To many environmentalists and others who for 20 years had watched Clark County and its Health Board create ever-new excuses not to enforce clean air standards, it appeared that Hobbs Ong had, once again, played a willing part in a conspiracy to defeat any honest audit of the air quality agency problem.

This impression was further reinforced when Hobbs appeared in the halls and hearings of the 2001 Nevada Legislature, operating as a registered lobbyist for NACO, the Nevada Association of Counties (dominated by Clark County) on the air quality issue. State senators Jon Porter, R-Henderson, and Dina Titus, D-Las Vegas, had both told the Review-Journal that Clark County's continuing failure to conduct the audit soon would confirm suspicions that wrongdoing had occurred in the program. “This is a question about public trust,” said Porter, pledging to bring an “emergency bill draft request” before the Legislative Affairs and Operations Committee.
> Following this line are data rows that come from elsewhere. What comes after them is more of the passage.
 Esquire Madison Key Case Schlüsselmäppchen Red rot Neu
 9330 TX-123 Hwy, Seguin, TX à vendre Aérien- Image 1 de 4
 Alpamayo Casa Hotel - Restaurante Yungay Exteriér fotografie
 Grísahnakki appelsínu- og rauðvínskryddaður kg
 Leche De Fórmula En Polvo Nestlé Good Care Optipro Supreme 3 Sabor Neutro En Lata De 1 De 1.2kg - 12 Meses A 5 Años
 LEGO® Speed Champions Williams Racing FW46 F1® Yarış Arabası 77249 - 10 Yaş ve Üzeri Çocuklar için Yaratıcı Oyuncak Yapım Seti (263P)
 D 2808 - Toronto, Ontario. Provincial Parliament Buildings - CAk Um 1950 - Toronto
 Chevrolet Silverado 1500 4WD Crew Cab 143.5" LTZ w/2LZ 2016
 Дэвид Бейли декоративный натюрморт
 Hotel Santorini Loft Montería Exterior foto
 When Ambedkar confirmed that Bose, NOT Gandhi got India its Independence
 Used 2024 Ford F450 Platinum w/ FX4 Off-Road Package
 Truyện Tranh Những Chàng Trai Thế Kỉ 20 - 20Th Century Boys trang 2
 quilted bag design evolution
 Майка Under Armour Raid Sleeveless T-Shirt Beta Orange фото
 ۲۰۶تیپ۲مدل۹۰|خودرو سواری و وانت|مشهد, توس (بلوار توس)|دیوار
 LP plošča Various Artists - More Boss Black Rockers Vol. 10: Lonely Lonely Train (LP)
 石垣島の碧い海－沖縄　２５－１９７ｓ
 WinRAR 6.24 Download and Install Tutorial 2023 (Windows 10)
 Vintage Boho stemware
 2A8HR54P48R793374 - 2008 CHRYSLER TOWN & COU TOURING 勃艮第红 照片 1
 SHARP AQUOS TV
But despite the bipartisan consensus in the state senate, lobbyist Hobbs and Christine Robinson, director of the Clark County health board's division of air quality, appeared before the Senate natural resources committee, seeking significant amendments to the legislation proposed by Porter and Titus.

Back in Clark County, reported the Sun’s Launce Rake, “district health board member and Clark County Commissioner Erin Kenny has vowed to fight the audit.

“Porter’s move ‘shows contempt for local government,’” Kenny said, adding that “the issue for the district board is closed. The board has voted to table an audit at least until a review of what needs to be changed in the emissions program is completed, a process that could take four to six months.”

“If the state is interested, they should hire Hobbs, Ong,” said Kenny. The aggressively corrupt Kenny recently signed a plea deal with federal prosecutors after infamous tape recordings surfaced of her selling her votes on the Clark County commission to lap-dancing/ titty-bar impresario Michael Galardi.

No audit was subsequently conducted of the Clark County Health Department's air quality division. Instead, Erin Kenny got Gov. Kenny Guinn (remember him?) to, by executive actions, take air-quality regulatory authority away from the county health district and give it to the Clark County Commission. 

It was essentially mere musical chairs. The health district had been given anti-air-pollution responsibilities in 1978 by then-Gov. Mike O'Callaghan. Fourteen years later in 1992, then-Gov. Bob Miller redesignated the district with the same duties. But the reality always was, according to the Clark County's district attorney's office, that the county could have taken the authority back by simple ordinance any time it wanted. 

So all that was going on was a continuation of the 20-plus years of busy-work charades that the developer-politician power structure in Clark County has used to block any actual compliance with federal air-cleanup rules.

As noted above, by 2003 Erin Kenney herself had become notable for in-your-face corruption. After much posturing as prime sponsor of legislation in Clark County to prohibit commissioners from becoming lobbyists for a year after leaving their posts, she herself, the day after stepping down from the commission, signed up to lobby for well-known developer Jim Rhodes. Her legislation, conveniently, had carried no penalties.

For Guy Hobbs, however, Kenney's endorsement just may. 

In November 2001 when Hobbs was named to chair the Governor’s Task Force on Tax Policy, Gov. Guinn—the fervent agent of the Nevada Resort Association’s proposed tax hikes—was clearly confident that Hobbs, too, would be a reliable servant for the cause.

The final work-product of the Hobbs task force proved this was the case. As a recently released authoritative review of the work product showed, the task force’s technical committee had intentionally, radically, over-estimated future state spending needs while at the same time radically under-estimating future state revenues. (See www.cprnevada.com.) In words of one syllable, Hobbs’ operation had cooked the books to justify a huge tax hike.

Guy Hobbs once had a reputation as a reliable economist. But in any political context, he will never again have credibility.

Chalk up one more casualty to Sin City.